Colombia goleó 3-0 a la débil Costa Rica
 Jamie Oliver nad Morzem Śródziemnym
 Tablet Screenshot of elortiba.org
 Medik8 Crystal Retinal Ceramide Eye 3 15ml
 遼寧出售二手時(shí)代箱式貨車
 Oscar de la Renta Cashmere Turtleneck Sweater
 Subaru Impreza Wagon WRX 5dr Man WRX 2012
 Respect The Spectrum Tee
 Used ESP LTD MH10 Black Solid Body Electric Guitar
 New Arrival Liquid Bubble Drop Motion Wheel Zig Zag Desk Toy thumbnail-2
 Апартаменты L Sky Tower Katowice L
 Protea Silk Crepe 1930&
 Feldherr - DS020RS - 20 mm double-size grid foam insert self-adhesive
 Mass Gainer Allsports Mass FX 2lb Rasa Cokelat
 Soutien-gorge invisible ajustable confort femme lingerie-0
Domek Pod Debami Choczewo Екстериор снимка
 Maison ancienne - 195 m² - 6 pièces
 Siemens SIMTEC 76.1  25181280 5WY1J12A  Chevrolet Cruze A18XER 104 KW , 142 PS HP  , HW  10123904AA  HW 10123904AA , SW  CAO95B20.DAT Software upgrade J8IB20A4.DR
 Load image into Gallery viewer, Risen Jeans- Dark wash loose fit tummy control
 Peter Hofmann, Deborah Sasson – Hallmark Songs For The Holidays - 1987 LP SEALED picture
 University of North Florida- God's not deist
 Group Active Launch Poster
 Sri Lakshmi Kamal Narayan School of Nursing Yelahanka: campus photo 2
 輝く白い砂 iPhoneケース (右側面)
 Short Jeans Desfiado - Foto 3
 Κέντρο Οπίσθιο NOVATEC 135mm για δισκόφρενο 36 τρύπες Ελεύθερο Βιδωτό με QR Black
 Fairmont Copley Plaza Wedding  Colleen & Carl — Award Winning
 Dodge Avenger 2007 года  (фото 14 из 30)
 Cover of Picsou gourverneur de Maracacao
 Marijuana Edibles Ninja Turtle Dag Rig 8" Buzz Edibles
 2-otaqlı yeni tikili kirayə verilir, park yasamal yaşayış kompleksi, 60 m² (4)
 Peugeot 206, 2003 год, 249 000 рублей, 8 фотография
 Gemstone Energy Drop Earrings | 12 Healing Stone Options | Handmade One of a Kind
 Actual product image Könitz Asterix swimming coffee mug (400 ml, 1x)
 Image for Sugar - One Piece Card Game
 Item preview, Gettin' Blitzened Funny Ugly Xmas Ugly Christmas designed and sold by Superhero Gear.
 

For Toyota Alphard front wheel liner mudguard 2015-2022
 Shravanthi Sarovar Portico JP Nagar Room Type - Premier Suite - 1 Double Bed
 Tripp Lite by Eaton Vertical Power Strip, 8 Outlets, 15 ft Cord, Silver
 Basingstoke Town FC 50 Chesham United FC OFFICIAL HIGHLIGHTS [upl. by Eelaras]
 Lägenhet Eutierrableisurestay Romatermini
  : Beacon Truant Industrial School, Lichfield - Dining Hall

:: WORK ORDER ::
Scan the preceding listing for the string "Black" and copy every line where it occurs.

:: ANSWER TO THE PROBLEM ::
 Used ESP LTD MH10 Black Solid Body Electric Guitar
 Κέντρο Οπίσθιο NOVATEC 135mm για δισκόφρενο 36 τρύπες Ελεύθερο Βιδωτό με QR Black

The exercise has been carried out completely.